AIM OF THE TASK:
Write out the data word for word and omit every picture.

INPUT DATA:
_ _ _ _ _

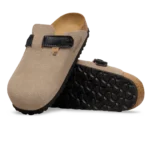⁦Birkenstock Boston Suede Leather Clogs Taupe Black⁩ – תמונה ⁦4⁩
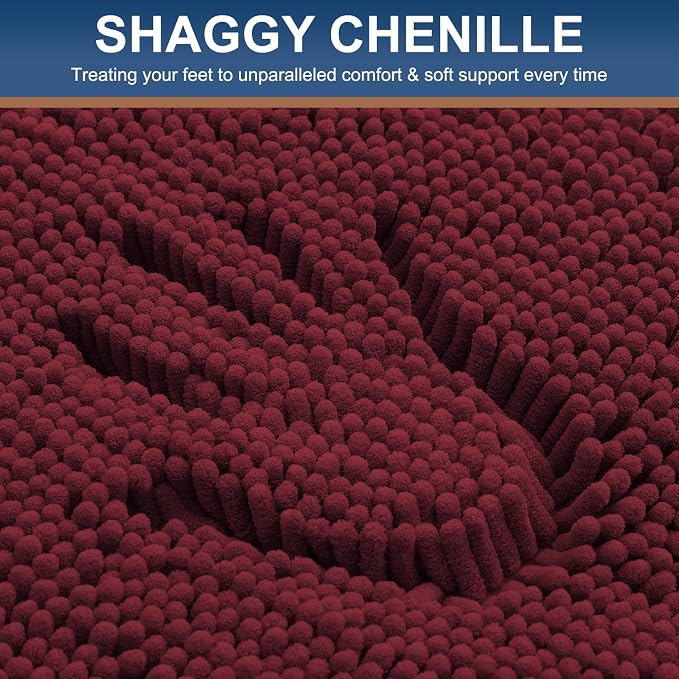 Smiry Luxury Chenille Bathroom Rugs 45x27, Extra Soft and Absorbent Shaggy Bath Mat, Machine Washable, Non-Slip Plush Carpet Runner for Tub, Shower, and Floor, Home Decor Accessories, Burgundy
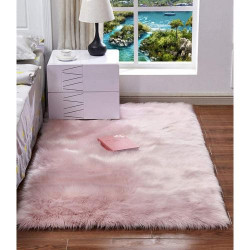 Présentation Tapis en Fourrure Synthetique Rose, Luxe Laine Cozy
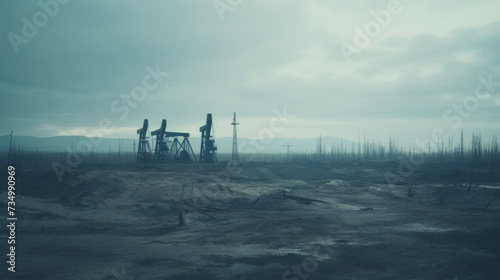 Oil drill industrial heavy polluted landscape. Ecology concept. Generative AI © AngrySun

_ _ _ _ _

SOLUTION TO THIS EXERCISE:
⁦Birkenstock Boston Suede Leather Clogs Taupe Black⁩ – תמונה ⁦4⁩
 Smiry Luxury Chenille Bathroom Rugs 45x27, Extra Soft and Absorbent Shaggy Bath Mat, Machine Washable, Non-Slip Plush Carpet Runner for Tub, Shower, and Floor, Home Decor Accessories, Burgundy
 Présentation Tapis en Fourrure Synthetique Rose, Luxe Laine Cozy
 Oil drill industrial heavy polluted landscape. Ecology concept. Generative AI © AngrySun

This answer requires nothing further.